I get a 403 (Forbidden)!!1

deadairspace · on May 2, 2013

What does G signify? I'm a bit confused as to why taking its eigenvector gives you the pagerank vector.

jamessb · on May 2, 2013

In essence, pagerank sorts pages by the probability that you'd arrive at them by randomly following links form other pages.

G is a matrix of transition probabilities - each entry is the probability of moving directly from a particular page to another particular page. It is composed of 3 terms:

- the hyperlink matrix: the probabilities obtained by assuming a user randomly selects a link to follow from their current page, with an equal probability for each

- the dangling nodes matrix: to ensure that it is possible to leave every page, this adds an equal probability for moving from a page with no outgoing links to every other page

- the matrix U of all ones: this provides G with 2 desirable properties, by ensuring it is both irreducible/strongly-connected and aperiodic. It does this by making it possible to move from any page to any other page, with some small probability (exactly how small is determined by the damping factor d).

The pagerank vector represents the equilibrium probability distribution - in other words, the probability of being on a particular page after starting on a random page then spending a long time randomly moving between pages according to the probabilities in G.

Now, if at a given time your probability of being on each page is given by some vector X, the probability of being on each page after one random move is the transition matrix multiplied by X.

The equilibrium probability vector thus has the property that it is unchanged by multiplication by the transition matrix - it is therefore an eigenvector of the transition matrix, with an eigenvalue of 1.

Edit: After typing this, I see that explanatory hypertext appears when you mouse over the blue words.

j2kun · on May 2, 2013

Interested in more of the mathematics behind the algorithm? I implement and prove things about it on my website: http://jeremykun.com/2011/06/18/googles-pagerank-a-first-att...

bflbfl · on May 13, 2013

For those who may come across this, I have added some extra stuff to let you watch how the power method converges (or doesn't converge) to the PageRank vector.
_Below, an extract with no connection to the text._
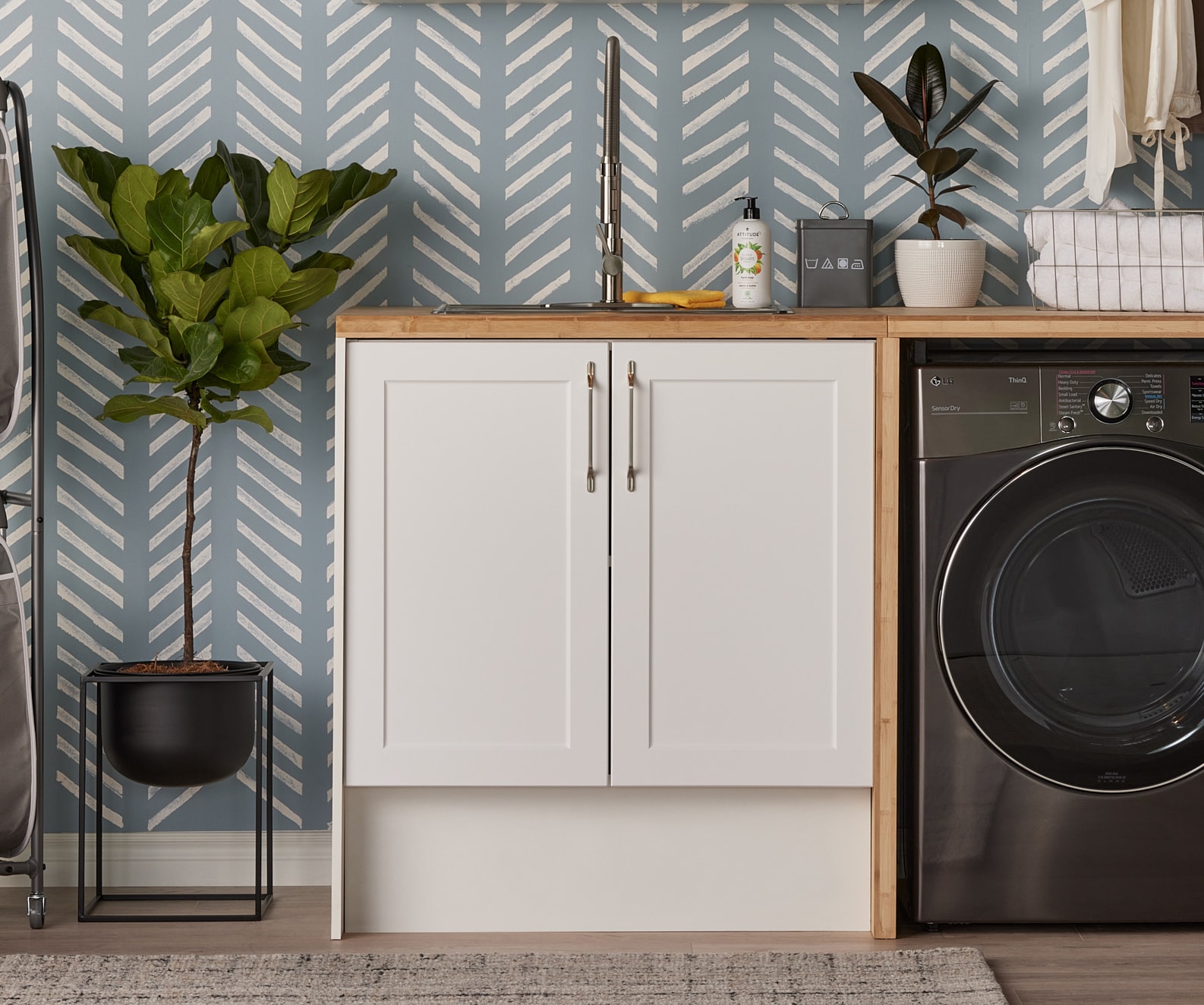 White storage cabinets in a laundry room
Just click the "Explore Convergence" button over there where the PageRank vector is written out.

chriscoyfish · on May 2, 2013

As old as this algorithm may be, it's still relevant/useful in many practical applications. It's crazy to think that these small examples on here scale to gigantic data sets, especially as each PageRank gets updated.
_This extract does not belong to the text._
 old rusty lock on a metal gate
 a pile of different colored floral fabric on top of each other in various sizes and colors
mikescoffield · on May 2, 2013

This is pretty cool. I'm playing around w/ different backlink structures. It seems if you link back to a tier 1 link, it will boost your PR. Is this true in practice?

bflbfl · on May 3, 2013

Hey Mike - can you give me some details on the examples you're playing with? If I get around to it, I was going to see about including some canned examples to maybe show/disprove how things like that work (at least with this version particular of the algorithm). The inclusion of the dangling nodes matrix and that extra all-ones one can make it trickier to predict what will happen.
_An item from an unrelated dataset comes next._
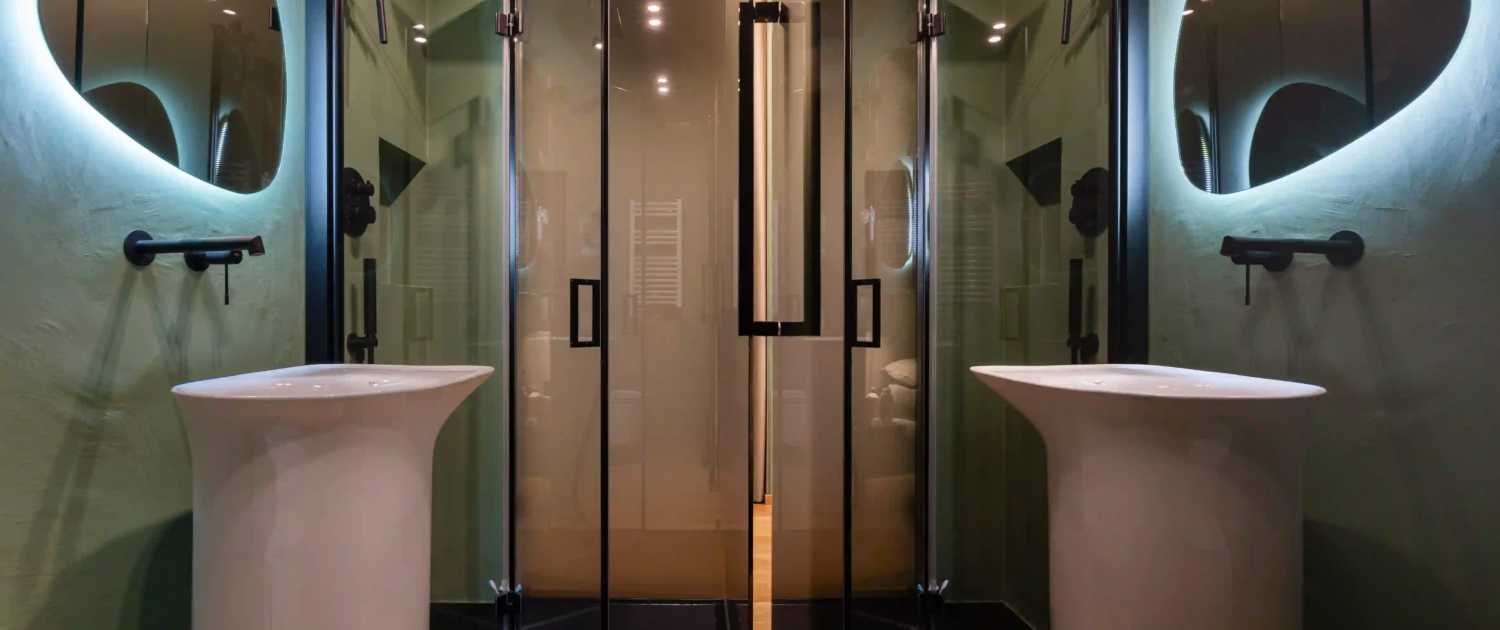dettaglio zona lavabo con lavandino a colonna, pareti color verde bosco e specchio con luce led integrata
mikescoffield · on May 6, 2013

I built a basic pyramid and then tinkered w/ variations from that.

bflbfl · on May 7, 2013

Thanks Mike. I've been playing with small networks as well (partly to confirm things working correctly) - wrote up a few notes on one little one with slightly counter-intuitive behavior - http://www.nowherenearithaca.com/2013/05/google-pagerank-eva...

mikescoffield · on May 7, 2013

That's interesting!

Sadly, it does remind me of how much math/engineering I've forgotten since I graduated.

Are you still a student?

bflbfl · on May 10, 2013

Hi Mike

thanks for taking a look at that. Linear algebra/eigenvector/eigenvalue stuff is useful and usually fairly (re-)approachable.

I am a student of interesting things :)

ari_elle · on May 2, 2013

Try deleting all the Nodes with DEL

When deleting the last one it crashes (tested in FF and Chrome)

bflbfl · on May 7, 2013

thx - think I fixed that the other day.